This issue tracker has been migrated to GitHub ,
and is currently read-only.
For more information,
see the GitHub FAQs in the Python's Developer Guide.
Created on 2009年01月07日 00:21 by amaury.forgeotdarc, last changed 2022年04月11日 14:56 by admin. This issue is now closed.
| Files | ||||
|---|---|---|---|---|
| File name | Uploaded | Description | Edit | |
| io_utf16.patch | amaury.forgeotdarc, 2009年01月07日 00:21 | |||
| Messages (11) | |||
|---|---|---|---|
| msg79299 - (view) | Author: Amaury Forgeot d'Arc (amaury.forgeotdarc) * (Python committer) | Date: 2009年01月07日 00:21 | |
First write a utf-16 file with its signature:
>>> f1 = open('utf16.txt', 'w', encoding='utf-16')
>>> f1.write('0123456789')
>>> f1.close()
Then read it twice:
>>> f2 = open('utf16.txt', 'r', encoding='utf-16')
>>> print('read1', ascii(f2.read()))
read1 '0123456789'
>>> f2.seek(0)
0
>>> print('read2', ascii(f2.read()))
read2 '\ufeff0123456789'
The second read returns the BOM!
This is because the zero in seek(0) is a "cookie" which contains both the position
and the decoder state.

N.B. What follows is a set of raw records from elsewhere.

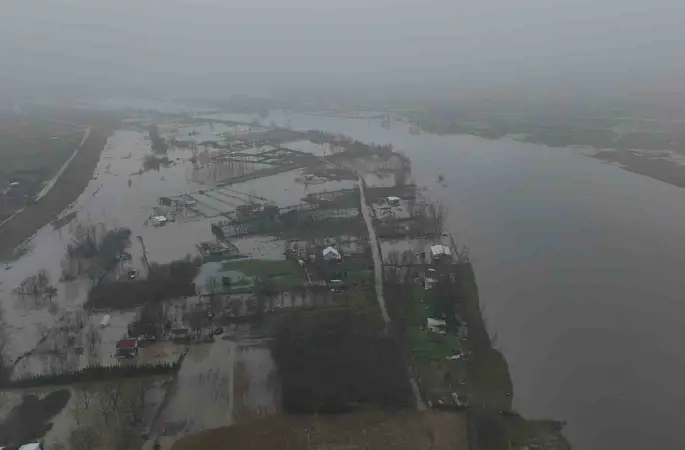 Taşkın riski bulunan Meriç Nehri’nde debi düşüyor
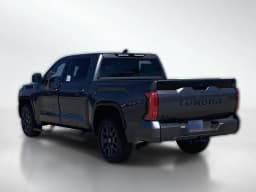 Toyota Tundra 4WD Platinum CrewMax 5.5' Bed (Natl) 2026 — side view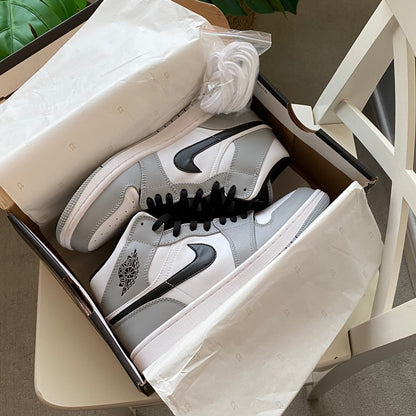 Air Jordan 1 “Mid Smoke Grey”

Unfortunately, state=0 means 'endianness has been determined:
native order'.
maybe a suggestion: handle seek(0) as a special value which calls decoder.reset().
The patch implement this idea.
|
|||
| msg79325 - (view) | Author: STINNER Victor (vstinner) * (Python committer) | Date: 2009年01月07日 11:46 | |
> This is because the zero in seek(0) is a "cookie"
> which contains both the position and the decoder state.
> Unfortunately, state=0 means 'endianness has been determined:
> native order'.
The problem is maybe that TextIOWrapper._pack_cookie() can create a
cookie=0. Example to create a non-null value, replace:
def _pack_cookie(self, position, ...):
return (position | (dec_flags<<64) | ...
def _unpack_cookie(self, bigint):
rest, position = divmod(bigint, 1<<64)
...
by
def _pack_cookie(self, position, ...):
return (1 | (position<<1) | (dec_flags<<65) | ...
def _unpack_cookie(self, bigint):
if not (bigint & 1):
raise ValueError("invalid cookie")
bigint >>= 1
rest, position = divmod(bigint, 1<<64)
...
Why the cookie is an integer and not an object with attributes?
|
|||
| msg79326 - (view) | Author: Amaury Forgeot d'Arc (amaury.forgeotdarc) * (Python committer) | Date: 2009年01月07日 12:03 | |
> The problem is maybe that TextIOWrapper._pack_cookie() > can create a cookie=0 But only when position==0. And in this case, at the beginning of the stream, it makes sense to reset everything to its initial value: zero for the various counts, and call decoder.reset() |
|||
| msg79330 - (view) | Author: Antoine Pitrou (pitrou) * (Python committer) | Date: 2009年01月07日 12:59 | |
Well, there are other problems with utf-16, e.g. when opening an
existing file for appending, the BOM is written again:
>>> f = open('utf16.txt', 'w', encoding='utf-16')
>>> f.write('abc')
3
>>> f.close()
>>> f = open('utf16.txt', 'a', encoding='utf-16')
>>> f.write('def')
3
>>> f.close()
>>> open('utf16.txt', 'r', encoding='utf-16').read()
'abc\ufeffdef'
Who said TextIOWrapper was sane? :-o
|
|||
| msg79410 - (view) | Author: Marc-Andre Lemburg (lemburg) * (Python committer) | Date: 2009年01月08日 13:50 | |
On 2009年01月07日 01:21, Amaury Forgeot d'Arc wrote:
> First write a utf-16 file with its signature:
>
>>>> f1 = open('utf16.txt', 'w', encoding='utf-16')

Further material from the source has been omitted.